You must have a house built before you can build a pole barn, of any kind. What you could do "back in the day" wont work in many places nowadays.

NB


----------



## Coffeenut (Apr 25, 2011)

Thanks for the replies.

I thought I read somewhere that you could have a camper on your land if you didn't "dwell" in it for more than 7 consecutive days. 

We would just stay in it every other weekend over night. Still no?


----------



## Ole Spike (Nov 22, 2004)

Steve said:


> I tried that. My zoning inspector got on my case because even though I have 10 acres I can't store or use a camper/trailer on the property unless I have a residence there? Think you could build a pole barn and store it inside? Think again. You can't build a pole barn without a residence either.


 You can't even use a camping trailer on your own property? And they say this is a free country! That's a bunch of BS!


----------



## ih772 (Jan 28, 2003)

It has to be removable, so that wold rule out putting a deck on it. Anything you do to make it "permanent" will get the twp on you. It's to keep the riff raff from making an ad-hock trailer park.


----------



## MossyHorns (Apr 14, 2011)

We have a cabin in Sauble Twp in Lake County. A couple of years ago an 80 acre parcel was divided into 10 acre lots. Two of these lots now have campers on them all year long. There is no electric going to the property and one of them has a porta jon. These trailers sit just off of a main dirt road. I do not know what the townhip ordinance is, but they are just used for hunting.

I know of several people who have built a pole barn/house for a permanent residence.


----------



## Coffeenut (Apr 25, 2011)

ih772 said:


> It has to be removable, so that wold rule out putting a deck on it. Anything you do to make it "permanent" will get the twp on you. It's to keep the riff raff from making an ad-hock trailer park.


10-4, forget the deck.

Now I will just cross my fingers someone doesn't drive off with it during the week when we are away.

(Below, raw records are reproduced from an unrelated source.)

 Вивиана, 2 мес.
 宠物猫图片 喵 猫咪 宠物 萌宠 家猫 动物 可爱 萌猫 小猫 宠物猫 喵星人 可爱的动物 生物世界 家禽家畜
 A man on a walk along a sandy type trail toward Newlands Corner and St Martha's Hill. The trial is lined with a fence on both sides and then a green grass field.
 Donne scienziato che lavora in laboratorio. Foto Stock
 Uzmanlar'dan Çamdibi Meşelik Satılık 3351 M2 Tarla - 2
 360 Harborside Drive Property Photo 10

I should put it on blocks and remove the wheels at least.

Looking forward to more great info here. Thanks again.


----------



## starky (Jun 19, 2006)

Yates Twp. in Lake Co. is the worst. Dirt poor and discourage anyone from doing anything. We have a place there and they hit our neighbors who have been there for 25 years with a woodstove permit, chimney inspection,window redo,etc,etc,etc. Thay got the other neighbors who has 2 trailers and have been there forever with, get this, Failing to get a Camping Permit on his own land because the kids put up a tent to sleep in. Unbelievable.


----------



## Coffeenut (Apr 25, 2011)

starky said:


> Yates Twp. in Lake Co. is the worst. Dirt poor and discourage anyone from doing anything. We have a place there and they hit our neighbors who have been there for 25 years with a woodstove permit, chimney inspection,window redo,etc,etc,etc. Thay got the other neighbors who has 2 trailers and have been there forever with, get this, Failing to get a Camping Permit on his own land because the kids put up a tent to sleep in. Unbelievable.

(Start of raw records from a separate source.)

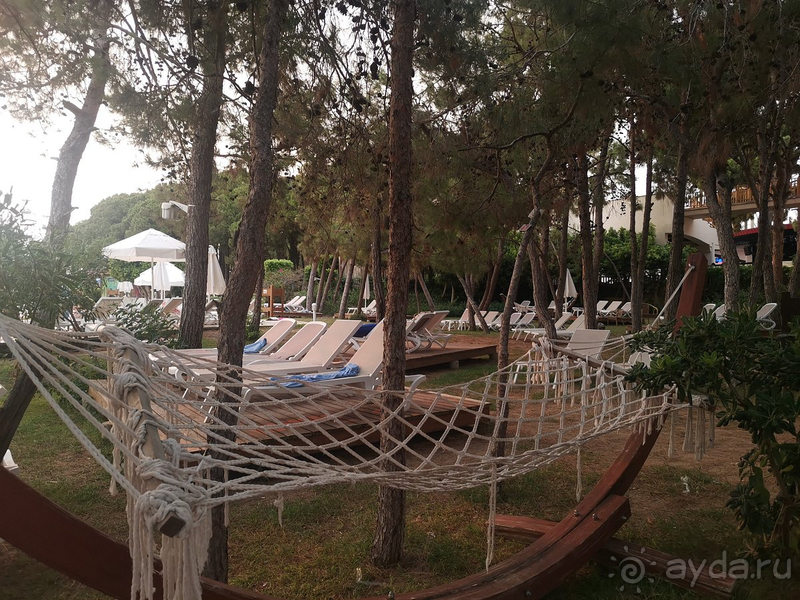 Желаю отелю обновиться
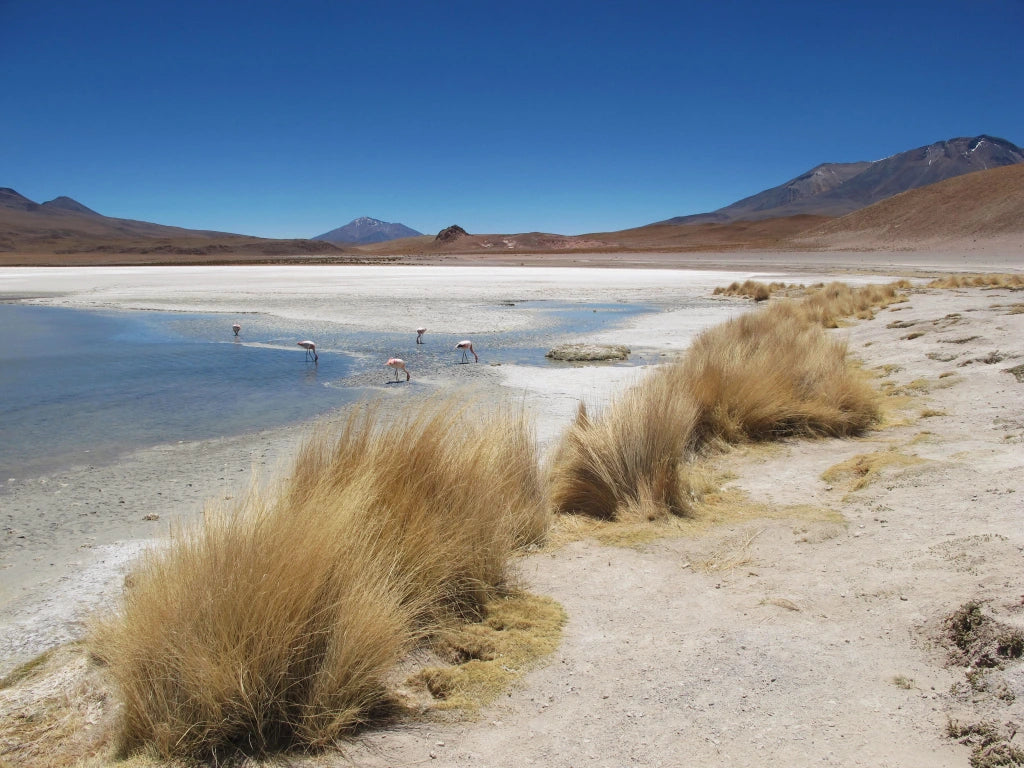 Top or Best Athlete Management Agencies and Companies in Bolivia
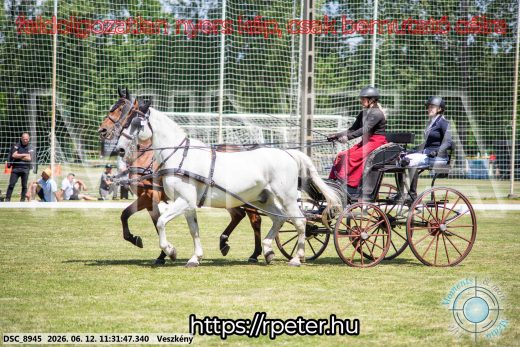 20260612-113147-DSC_8945.jpg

What do you mean "They got them"? Fined them?!? You can't put up a tent on property there? :SHOCKED:

You can put a (movable) camper on property, why not a tent?


----------



## WAUB-MUKWA (Dec 13, 2003)

Coffeenut said:


> Thanks for the replies.
> 
> I thought I read somewhere that you could have a camper on your land if you didn't "dwell" in it for more than 7 consecutive days.
> 
> We would just stay in it every other weekend over night. Still no?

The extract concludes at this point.